_TASK GOAL_
Word for word, return the lines below from the first through the line that has "Actual product image", dropping the pictures.

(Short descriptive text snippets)
..........

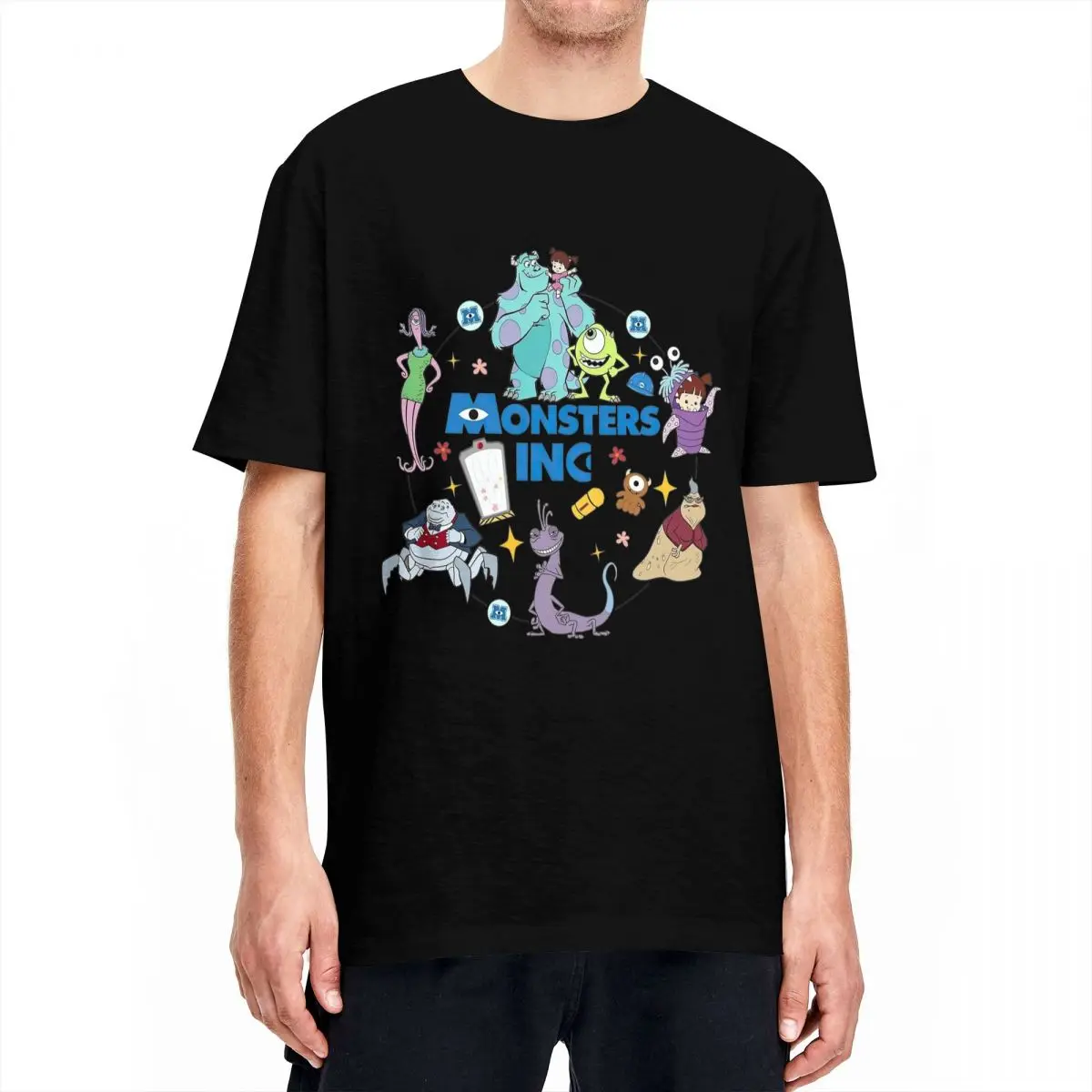 Men Monsters Inc. Mike And Sully T-Shirts University Sullivan Boo Cotton Top Tees Short Sleeve T Shirt O-Neck Tshirt Big Size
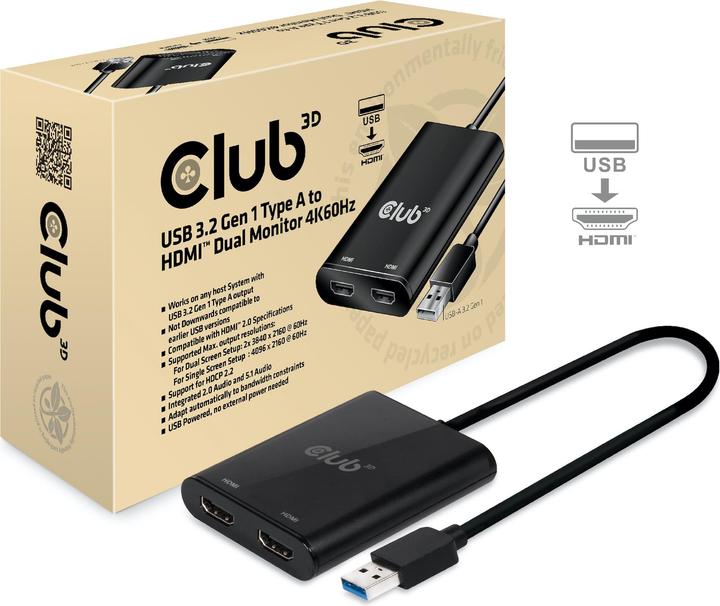 Actual product image Club 3D USB A to HDMI 2.0 Dual Monitor 4K 60Hz Adapter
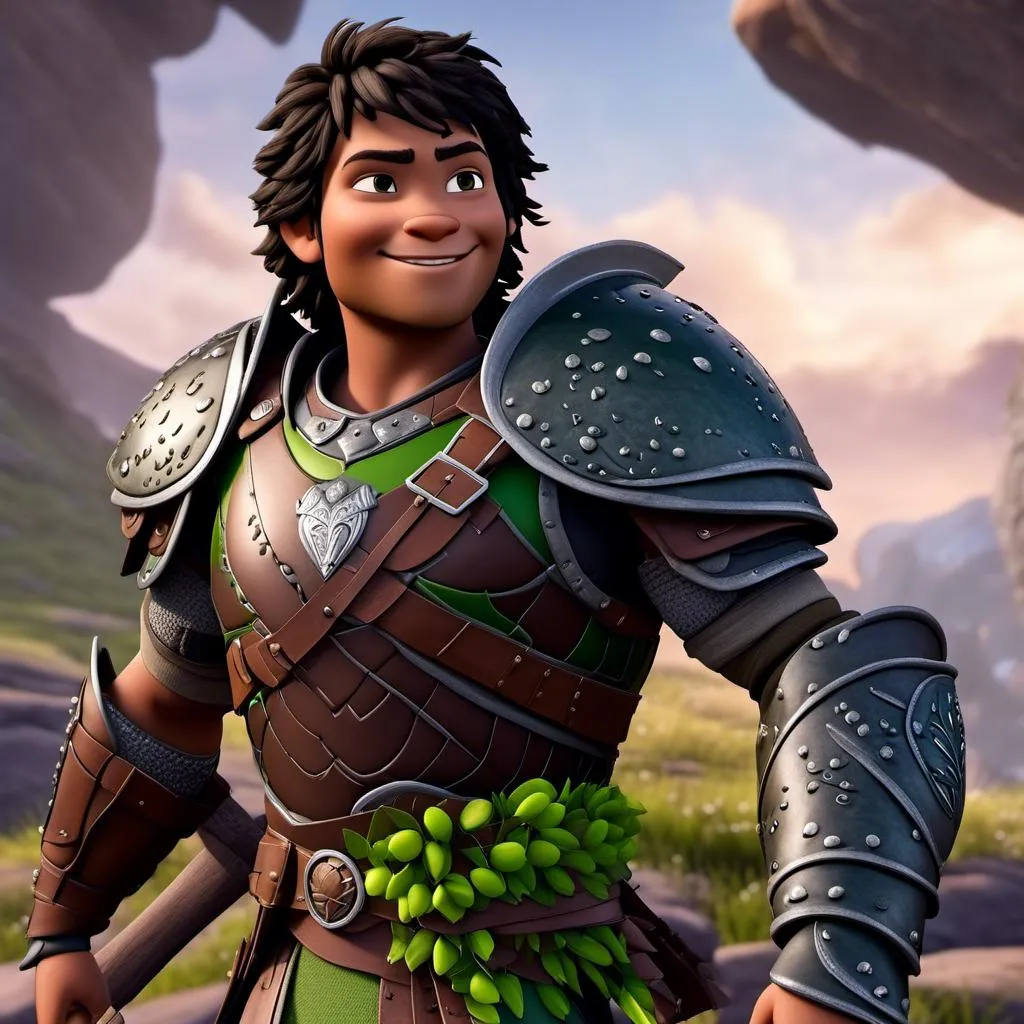 Prompt: <mymodel>Animated CGI style of a fierce ((Caucasian Viking male)) with medium length wavy black hair, joyous gaze, black gear and green armor, realistic clothing textures, high quality, CGI, realistic, viking, male, Caucasian, detailed facial features, highres, professional, intense lighting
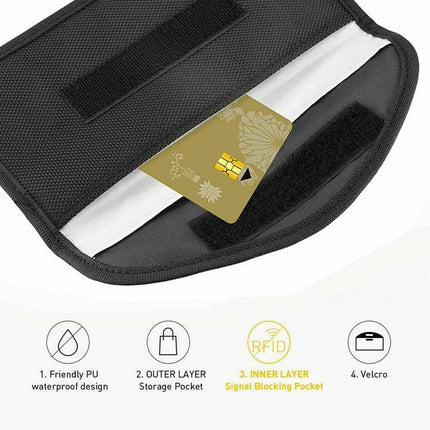 Faraday Bags for Phones, Cell Phone Signal Blocking Bag, RFID Phone Case,Faraday Bag for Phone & Key Fob(2 Pack).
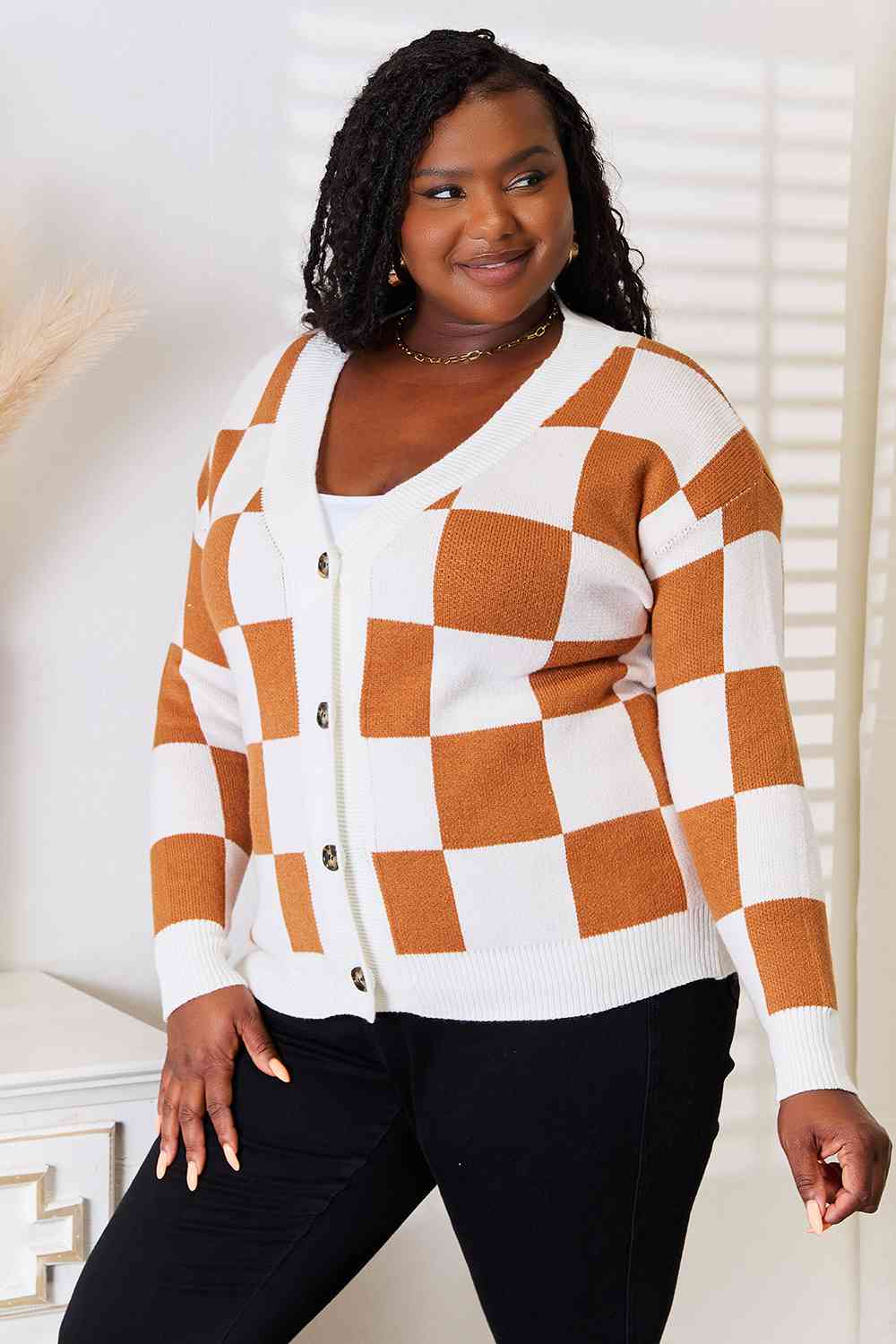 Double Take Button-Up V-Neck Dropped Shoulder Cardigan | Hassle Free Cart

..........

_EXERCISE SOLUTION_
 Men Monsters Inc. Mike And Sully T-Shirts University Sullivan Boo Cotton Top Tees Short Sleeve T Shirt O-Neck Tshirt Big Size
 Actual product image Club 3D USB A to HDMI 2.0 Dual Monitor 4K 60Hz Adapter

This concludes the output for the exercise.